The stretch from the line with "Vidaxl Bed Frame" through the line with "GARTENTISCH Kunststoff Anthrazit" in the records below: write it out exactly, and nothing else.

■ **Extracted material**
★ ★ ★ ★
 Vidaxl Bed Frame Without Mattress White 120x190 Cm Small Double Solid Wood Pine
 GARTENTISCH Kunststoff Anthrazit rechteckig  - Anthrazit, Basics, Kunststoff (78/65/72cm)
★ ★ ★ ★
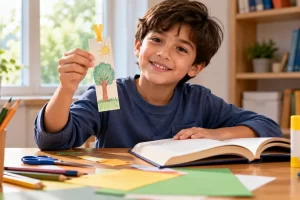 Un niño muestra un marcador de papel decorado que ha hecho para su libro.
★ ★ ★ ★
■ **Result**
 Vidaxl Bed Frame Without Mattress White 120x190 Cm Small Double Solid Wood Pine
 GARTENTISCH Kunststoff Anthrazit rechteckig  - Anthrazit, Basics, Kunststoff (78/65/72cm)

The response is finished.